Tuesday, 14 August 2012

Censor cachet

This interesting 2c 1941 war tax stamp has 2 separate cancellations. There is firstly an oval company chop from Harrisons & Crosfield at Sandakan. Superimposed on it we have a triangle with the number 15 within and the word "censor" on the right side. This is a pre WW2 type handstamp which was applied after examining mail going overseas.
Even though the number 15 was allocated for use in Sandakan, this is unlike any of the recorded censor chops that were in use in North Borneo which broadly consisted of two types. They were rectangular or triangular and the latter were double sided with the wording enclosed between the two lines.
I have been reliably informed that this single sided triangle is similar to those used in India. Some further research brought up two possibilities. They were the "field censor" and the "passed censor" chops. The latter type usually has the name of the city just underneath eg Calcutta. This is likely to be the " field censor" chop which would implied it was used by the armed forces.
So what is the story behind the use of this stamp? It would seem that a letter of a commercial nature was sent from H&C at Sandakan, North Borneo to an army personnel in India. The cover would have borne the censor cachet of North Borneo. It was further scrutinised in India where this cachet would have been applied. Or quite possibly, the letter was rerouted to the addressee who has left for Britain and was subjected to this further censor procedure.

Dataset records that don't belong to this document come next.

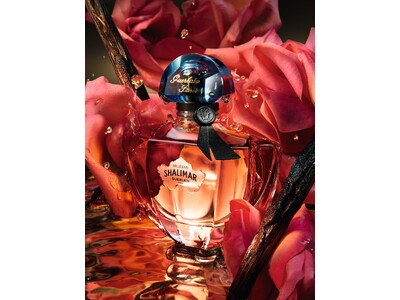 【ゲラン】100年以上の歴史を持つ名香〈シャリマー〉より、ローズにオマージュを捧げた〈シャリマー ミレジム ローズ〉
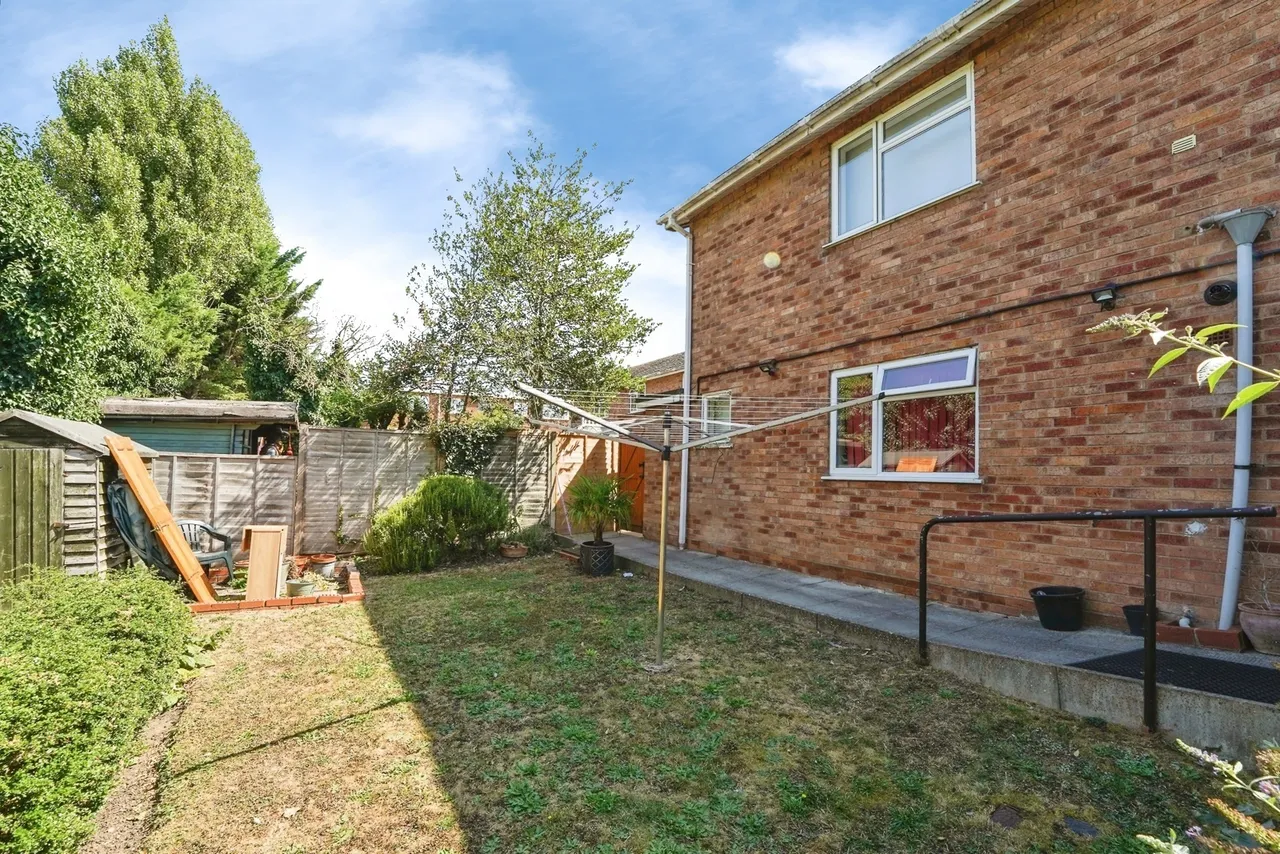 2 bed flat for sale, Fountain Court, Waterside, WR11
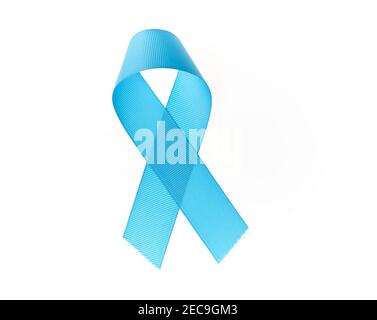 Nastro blu di consapevolezza su sfondo bianco isolato. Foto Stock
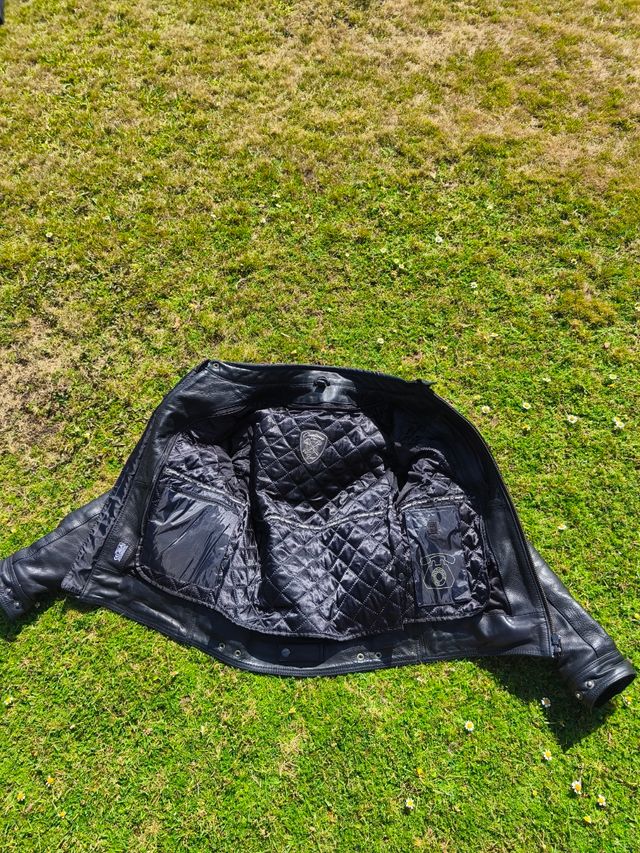 Chaqueta de cuero para moto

Update I have a very good suggestion that this censor could be from Hong Kong. Given the strong commercial links between Hong Kong and Sandakan (used to be known as "little Hong Kong"), this is very feasible. India would have been an unusual destination. But I think we are all agreed that this is a most unusual stamp. However having done a quick search on the internet, the triangular "passed censor" cachets I have seen for HK so far has the words within the triangle and also "Hong Kong" at the bottom. There was one with the letters on the outside of the triangle. It also has "Hong Kong" just beneath.  I shall update if I have any further information.

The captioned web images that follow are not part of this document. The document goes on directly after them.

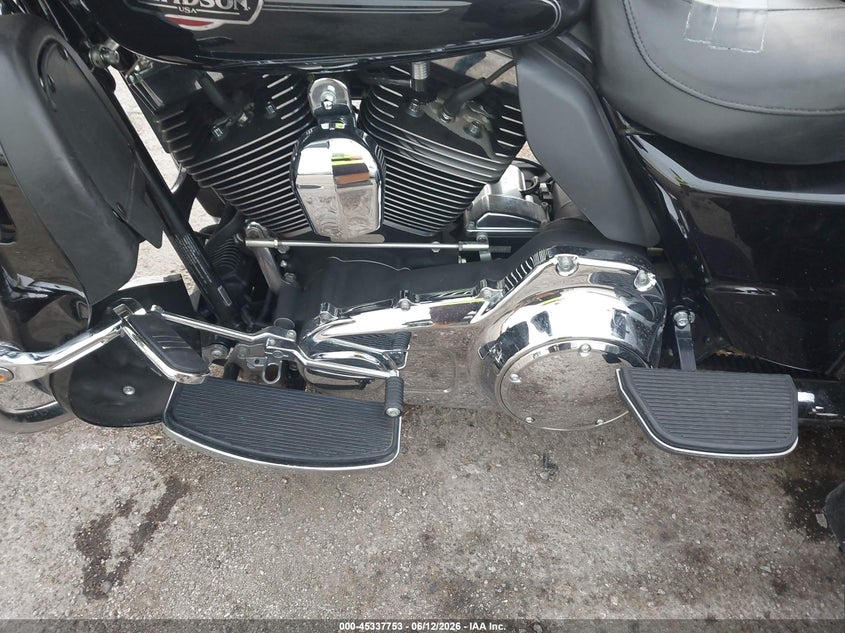 2012 Harley-Davidson Flhtcutg Tri Glide Ultra Classic VIN: 1HD1MAM1XCB853076 Lot: 45337753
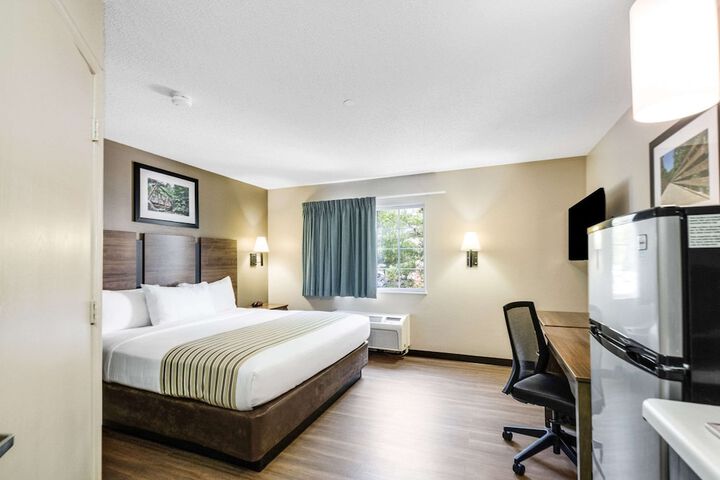 1 King Bed Efficiency (6 of 14)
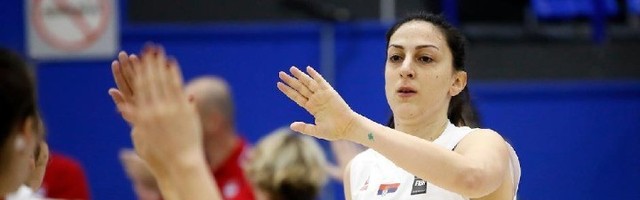 Trenirala trudna, s bebom na utakmice: Ko je Jelena Bruks?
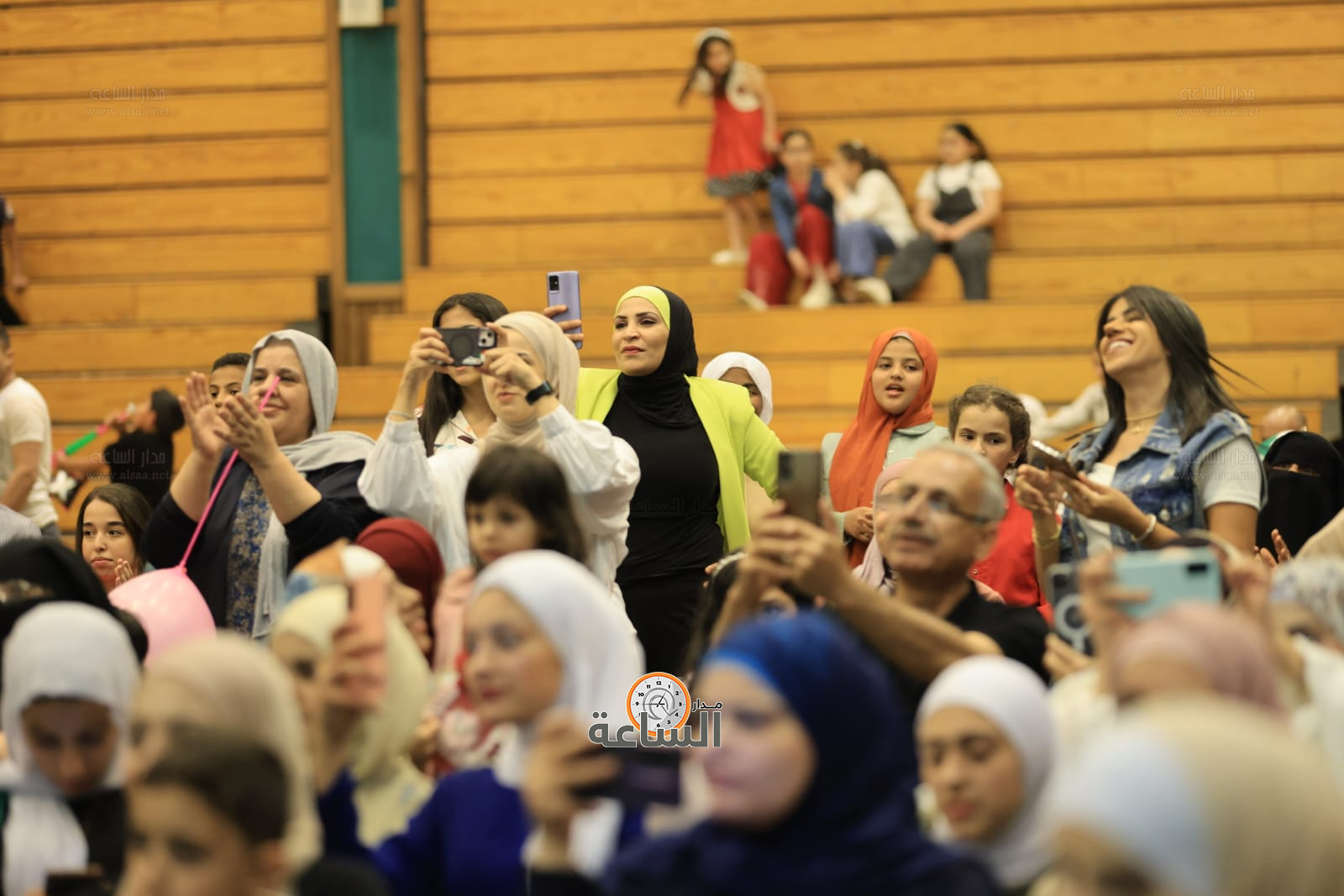 Madar Al-Saa Images 0.7781191898448969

Further Update I have been sent detailed information with regard to both HK and Indian censor cachets. This is almost certainly a Hong Kong Type 5 censor which was in use between September 1940 and November 1941 and was available in violet, green and red. The length of the wording on the side looks more compatible as well as the dates of use. There is still a remote possibility of it being an Indian "field censor" cachet but I think it is highly unlikely. This is the limitation of a single stamp as compared to all the details available on a used cover. But I have had fun with all the detective work. My thanks to GE-KK for providing scans and information.

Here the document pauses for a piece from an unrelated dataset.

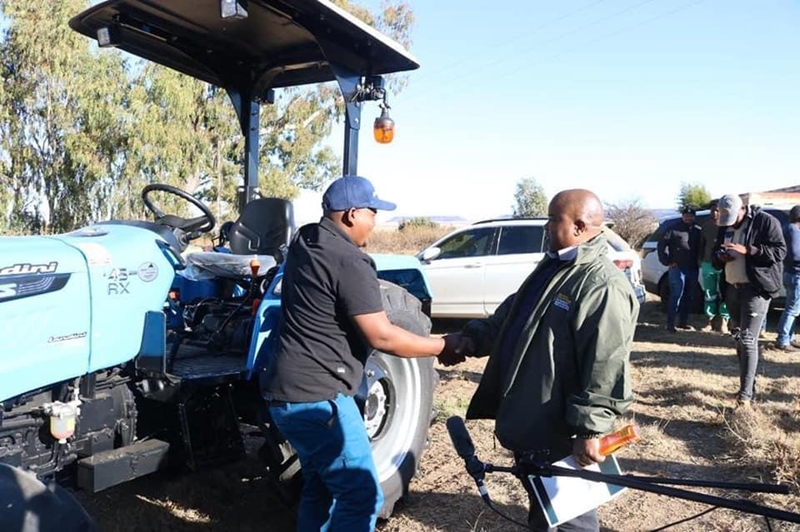 Free State farmer receives tractor | News Article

Further Update I think this is from a censored commercial document and not a postal cover. Hence no post marks, local or arrival or otherwise.

Tuesday, 7 August 2012

Labuan centenary handstamp

Note small"4" in "24TH"

This was a fixed date hand stamp used to commemorate a hundred years since the island was originally given away by the then Sultan of Brunei. He actually agreed to officially cede Labuan on 18 December 1846. But the British flag was not raised in Labuan until 24 December of that year. It is the later date which was used in this hand stamp. It is rather surprising that the example in Ted Proud's book showed a date of DEC 22 which also left out the "TH".
The hand stamp was said to be in use for a month but in Robson Lowe' book mentioned one week. The majority of existing covers were dated 24 December 1946 and were invariably philatelic. Other dates are hard to find. The chop was valid for use on the BMA stamps of both North Borneo and Sarawak. But examples on Sarawak stamps are fairly uncommon and well worth looking out for. The use of this hand stamp on Australian stamps and covers are a bit of a mystery as stamps from Australia were only allowed to be used immediately post war before the availability of BMA overprinted stamps. They were philatelically inspired and there must have had been some laxity in the post office services in those chaotic times.